*Task prompt*
Omit the pictures and return exactly the stretch of the material below from the line with "Las terribles y" through the line with "226 Bear Creek".

*Extracted entries*
........
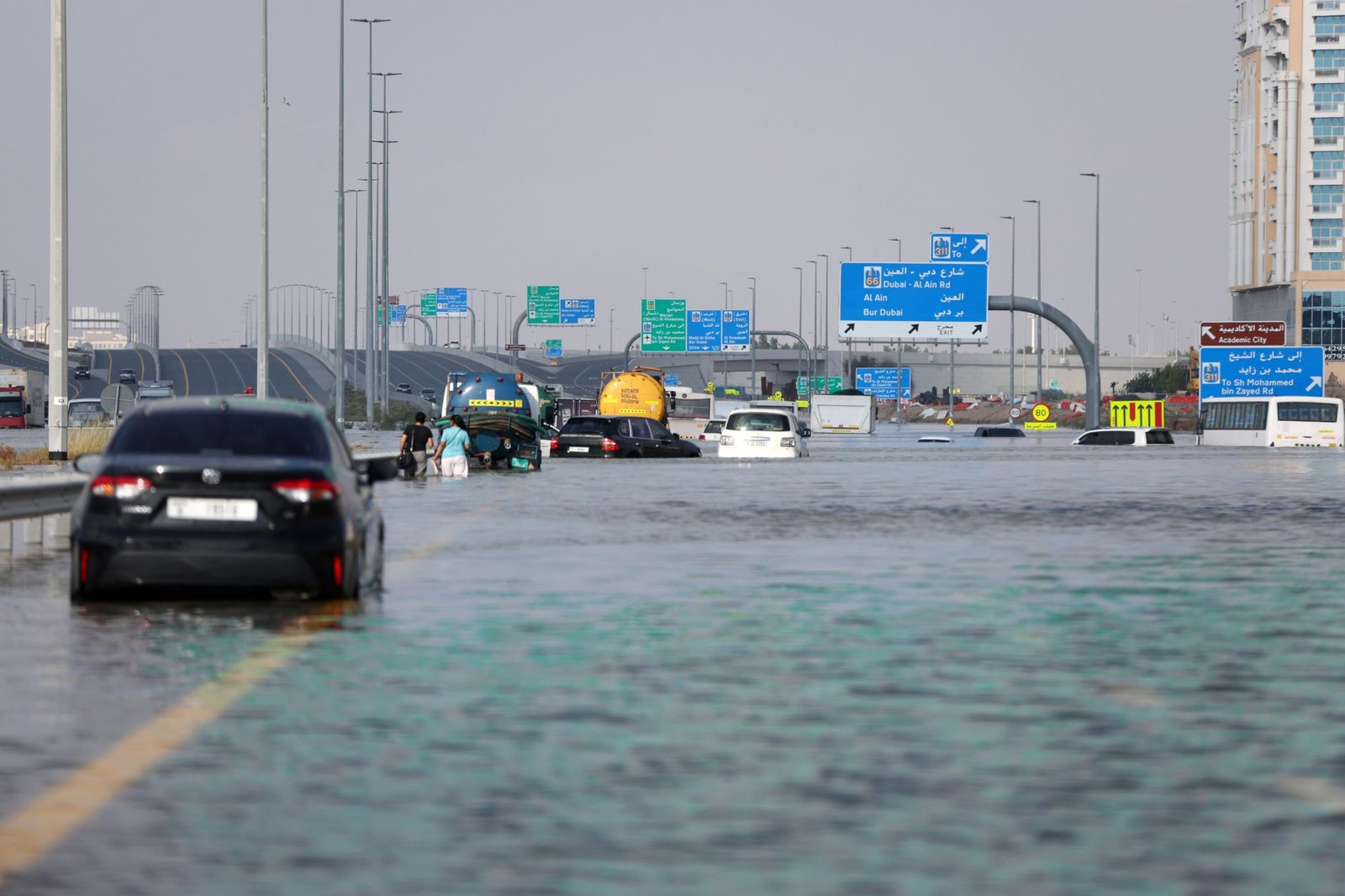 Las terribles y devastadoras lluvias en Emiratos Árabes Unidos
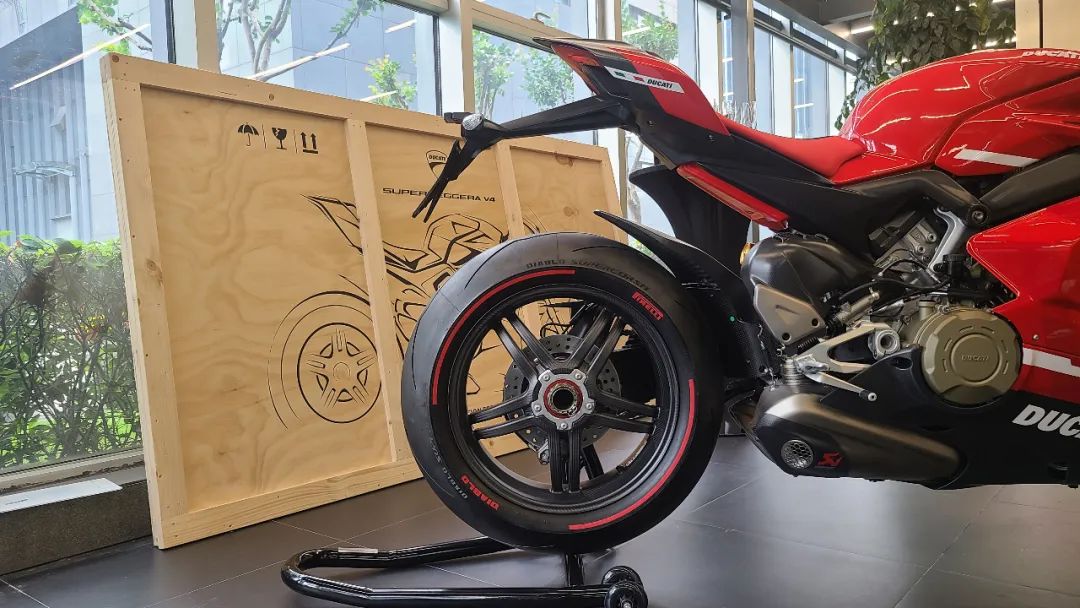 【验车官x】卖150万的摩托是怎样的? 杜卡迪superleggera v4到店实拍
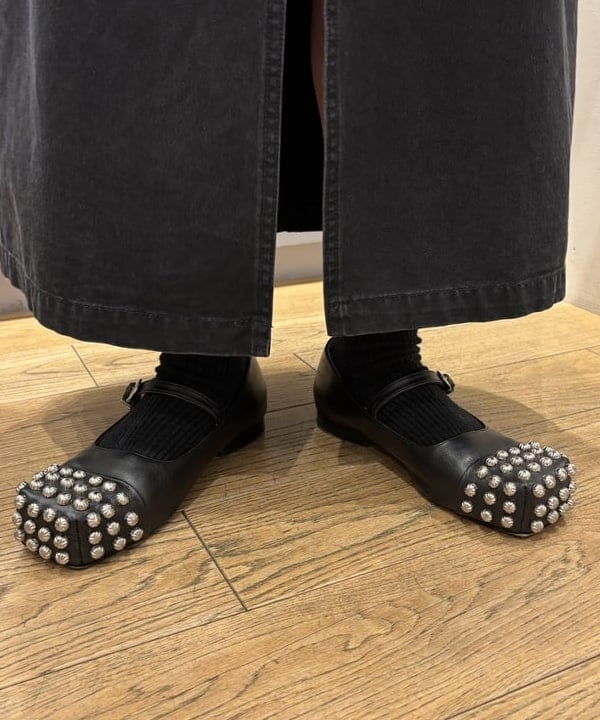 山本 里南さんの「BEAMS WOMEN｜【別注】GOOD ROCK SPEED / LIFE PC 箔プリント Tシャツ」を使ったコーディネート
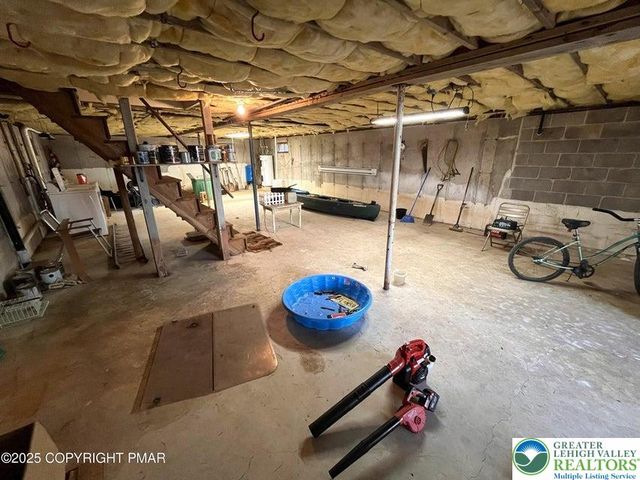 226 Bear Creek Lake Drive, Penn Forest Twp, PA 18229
........
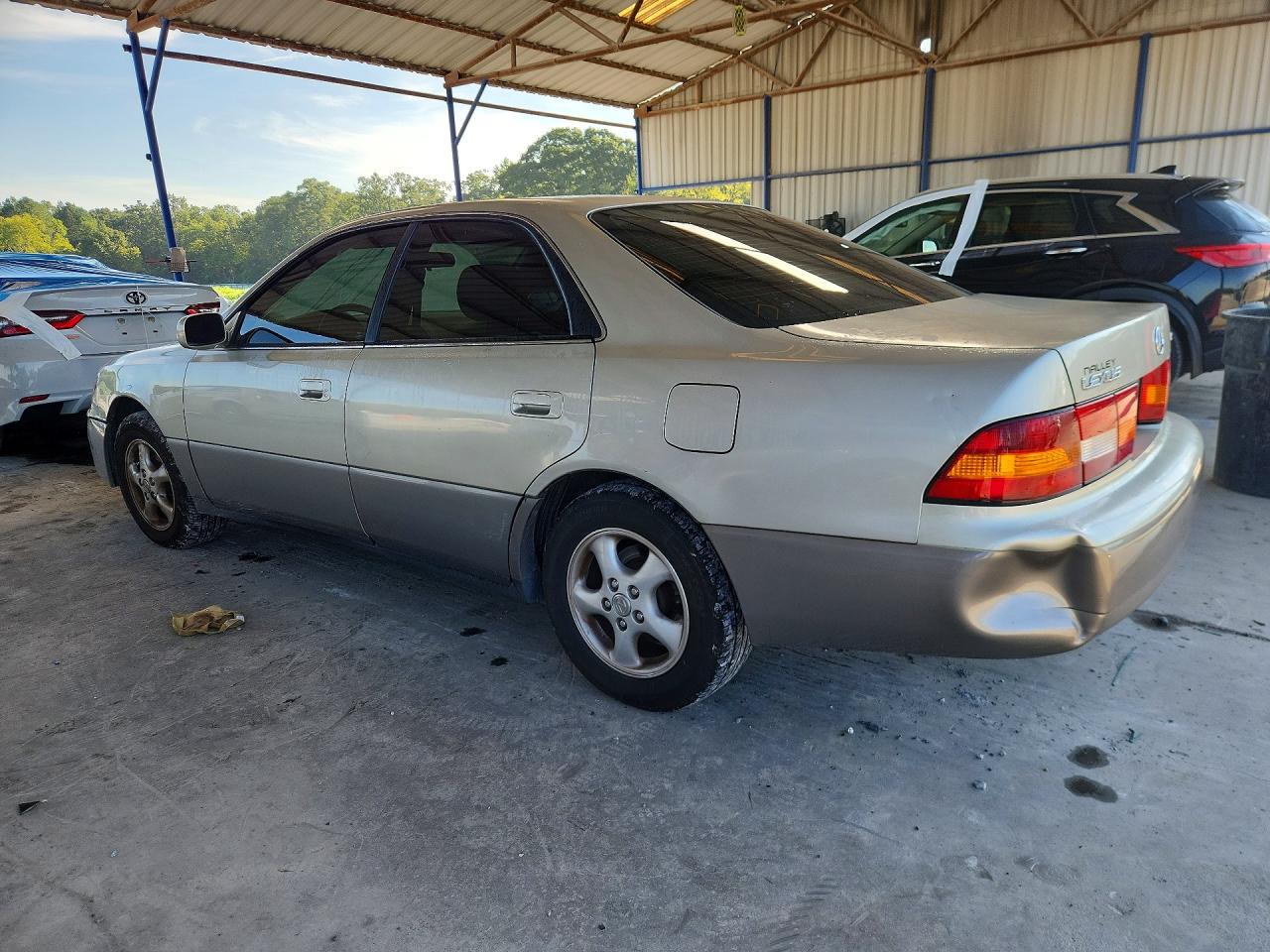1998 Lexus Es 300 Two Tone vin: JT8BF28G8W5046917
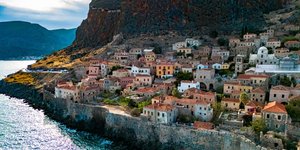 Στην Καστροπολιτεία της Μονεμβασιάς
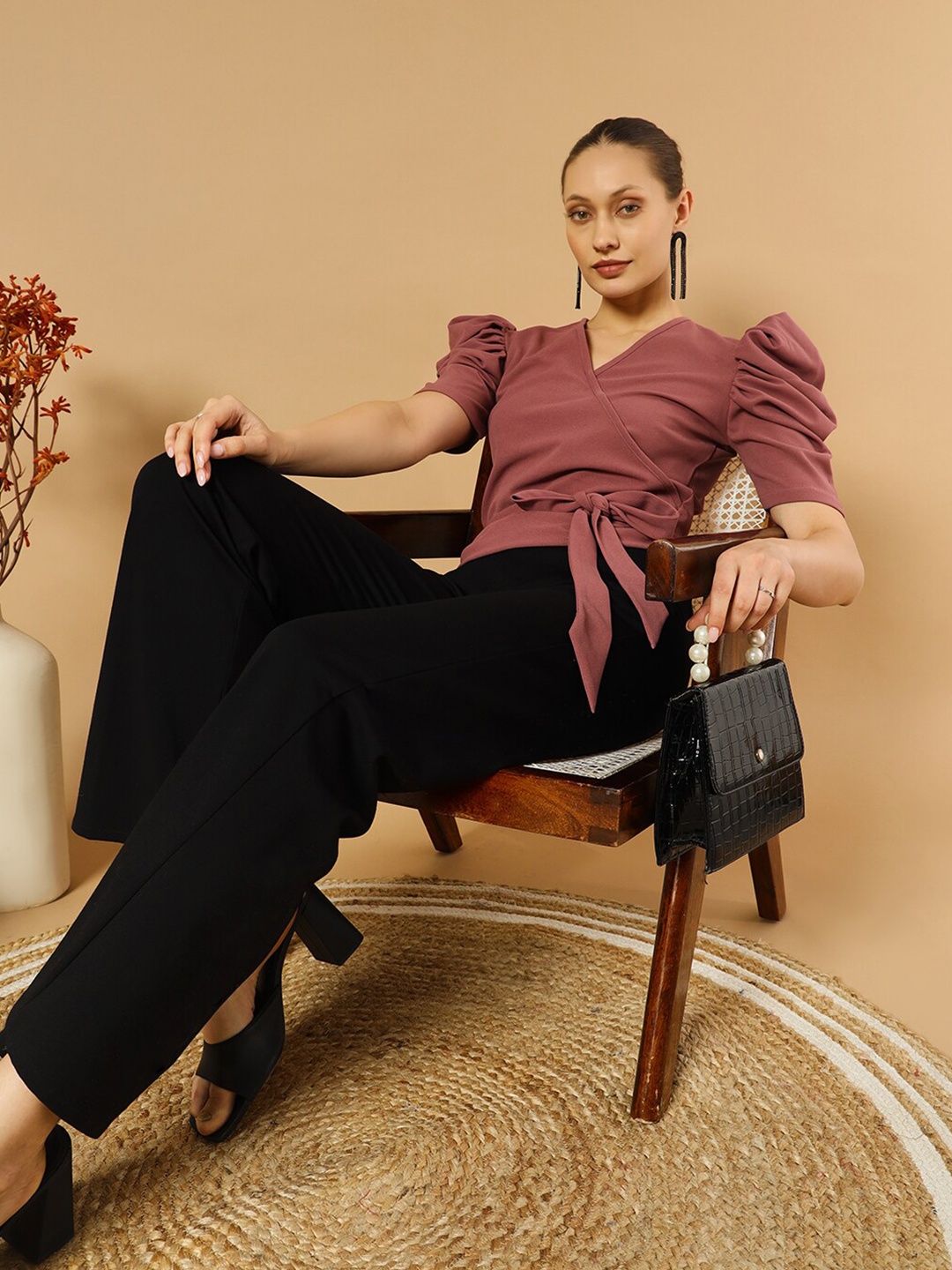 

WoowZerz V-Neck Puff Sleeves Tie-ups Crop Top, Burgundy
........
*Task result*
 Las terribles y devastadoras lluvias en Emiratos Árabes Unidos
 【验车官x】卖150万的摩托是怎样的? 杜卡迪superleggera v4到店实拍
 山本 里南さんの「BEAMS WOMEN｜【別注】GOOD ROCK SPEED / LIFE PC 箔プリント Tシャツ」を使ったコーディネート
 226 Bear Creek Lake Drive, Penn Forest Twp, PA 18229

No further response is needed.